2019-12-01

読んだ本,「ダブリンの緑」(建畠晢)

  あっという間にカレンダーも残り1枚になってしまった。もう少し落ち着いて日々を振り返りながら過ごしたいのだけれど,次から次へと追い立てられて動く歩道をつんのめりながら歩いているような毎日だ。

 11月の神保町古書まつりで手に入れた建畠晢のエッセー集「ダブリンの緑」(五柳書院 2005)を読了。こんなエッセー集が出てるなんてまったく知らなかった。偏愛する詩人が語るつぶやきに耳を傾けるには,静かな部屋の中よりも,静かな苛立ちに満ちた満員電車の中がうってつけだった。

 どの短文もちょっと変人(?)ぽい詩人の頭の中をのぞくようで愉快千万,しいて挙げればという感じで「回文」の天才女性とのやり取りが面白かった。(ただし,「私,いまめまいしたわ」はその人の発明ということになってるけど,古典じゃないのかなあ,とは思いました。)
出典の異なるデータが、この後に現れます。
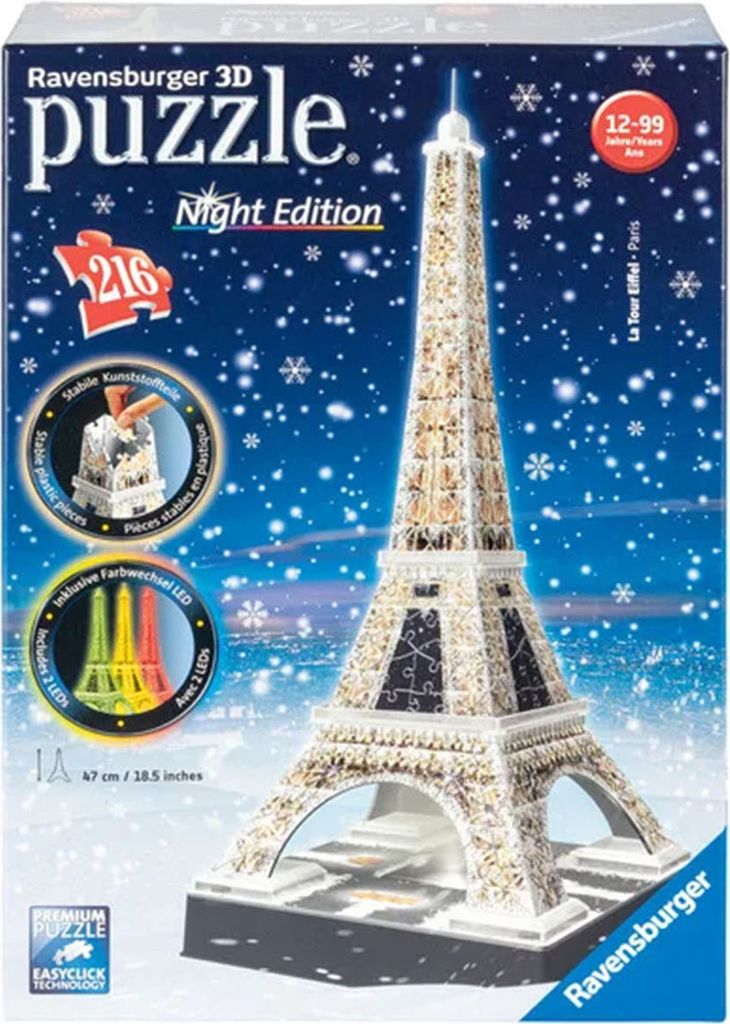 Ravensburger Eiffelturm Night 80541 Kinder Puzzle 3D Gebäude leuchtend 216 tlg.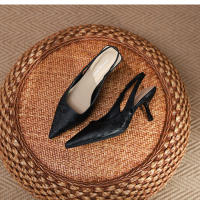 Sandalias de aguja nuevas, sencillas y versátiles, con estampado de leopardo y espalda puntiaguda. - details 29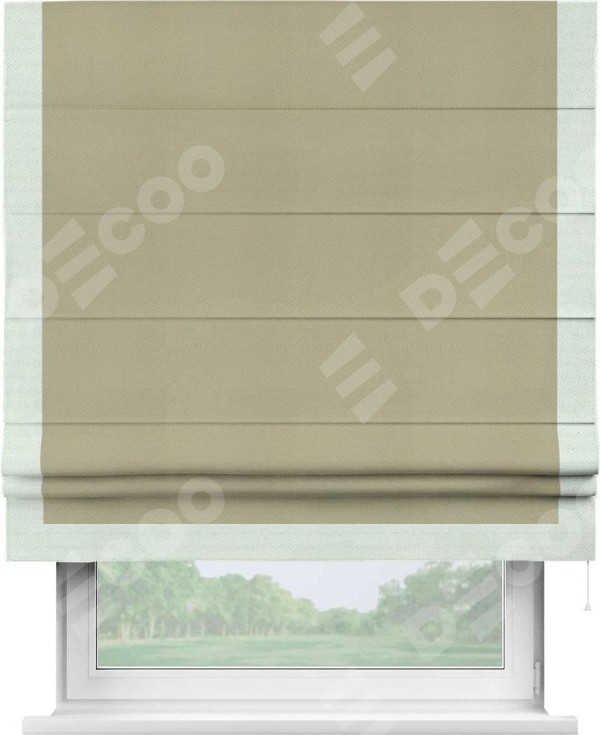 Римская штора «Кортин» с кантом Виктория, для проема, ткань блэкаут однотонный милано капучино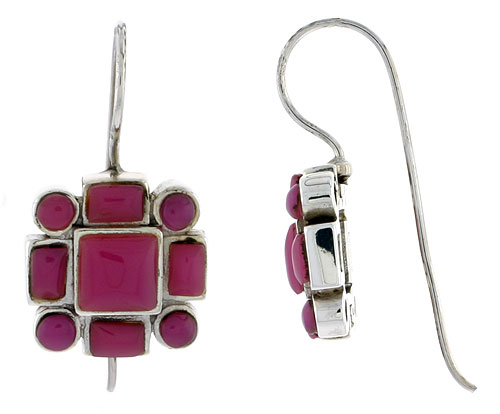 Sterling Silver Round & Rectangular Red Resin Dangling Earrings with 6mm Center, 1/2 inch long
 回文の定義の妄想は引用すると長くなるので,その結論部分だけ。「(略)とすれば回文とは,時間の中に不意に挿入された鏡,言葉(時間)を反射する鏡とは言えまいか。(すべてを回文にしてしまうあの少女の天才とは,その鏡のきらめきなのだ。)線形に継起する日常的な言語が,突然,その鏡によって逆転される時,私たちは一種の快感を味わうが,それはおそらく時間を空間として体験することの快感なのである。」(p.95より)

 この少女とは詩人のお見合いの相手だったらしいが,同席した田村隆一と共に酩酊した詩人に,「建畠,果てた」と冷たく言い放ったのだとか。抱腹絶倒とはこのこと!

 ところで本のタイトルの「ダブリンの緑」はあとがきのタイトル。ジョイスの「ユリシーズ」を読まないことには,到底理解できない世界がそこにある。(酒井忠康の未読のエッセイにも「スティーブン・ディーダラスの帽子」というのがある。)人生の残り時間は短いというのに,宿題はどんどん増えるばかりだ。